Our own findings confirm those of previous authors, such as Bergman’s report in 19612 of oscillations in arterial oxyhaemoglobin saturation, SaO2, (when haemoglobin was not fully saturated) and, more recently, those of Elwell et al. in 1996,11 which demonstrated that oscillations in arterial saturation occur with the induction of mild hypoxia. The results of Elwell et al. were explained by Lovell et al. in 1997,11 who showed that changes in ventilator settings could alter the SaO2 oscillations. Bergman showed that the amplitude of the SaO2 oscillations diminished as haemoglobin became saturated, but he was not able to measure PaO2 on-line.2 However, on the basis of his SaO2 studies, he hypothesized that the most likely explanation of his results was that pulmonary shunt varied during the respiratory cycle as a result of the lung collapsing during expiration and then reopening during positive-pressure inspiration.

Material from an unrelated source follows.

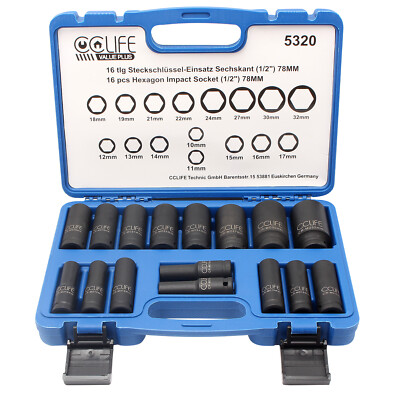 16tlg Schlagschrauber Nüsse Set Schlagnuss Steckschlüssel Einsatz 10-32mm 1/2''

Two problems need to be faced. These are that (i) the PaO2 amplitudes observed in our study were larger than would be expected in healthy lungs; and (ii) current knowledge suggests that PaO2 oscillations on the steep part of the oxyhaemoglobin association/dissociation curve are buffered by the shape of the curve describing the relationship of oxygen content with PO2. Significant PaO2 oscillations in this steep part of the curve could be caused by: (i) the presence of inhomogeneity in the lung ventilation–perfusion ratio induced by the pulmonary lavage; (ii) different degrees of atelectasis occurring in the lung during the inspiratory and expiratory phases of the respiratory cycle (the Bergman hypothesis); or (iii) a combination of both mechanisms, as they do not exclude one another.
We consider that, during inspiration, more alveoli are recruited, with a decrease in venous admixture (during inspiration) and consequently an increase in both the mean PaO2 and the PaO2(t) time-varying oscillatory signal. During expiration, these recruited alveoli could collapse and contribute to an increased shunt fraction and, thus, a decrease in mean PaO2. When PEEP was increased sufficiently to induce permanent recruitment during the expiratory phase, the overall PaO2 amplitude would decrease and the mean PaO2 rise. On the other hand, if shunt fraction was constant during both the inspiratory and expiratory phases of respiration (the conventional view of Q·S/Q·T) then the PaO2 oscillations would not appear at all at low mean PaO2 values because of the buffering capacity of oxyhaemoglobin in this region of the dissociation curve.
It now seems clear that PaO2 oscillations occur in the atelectatic lung, and that the application of PEEP not only elevates the mean arterial PaO2 but also affects the magnitude of the PaO2 oscillations superimposed on this mean. The effect of these oscillations in the clinical care setting is not clear.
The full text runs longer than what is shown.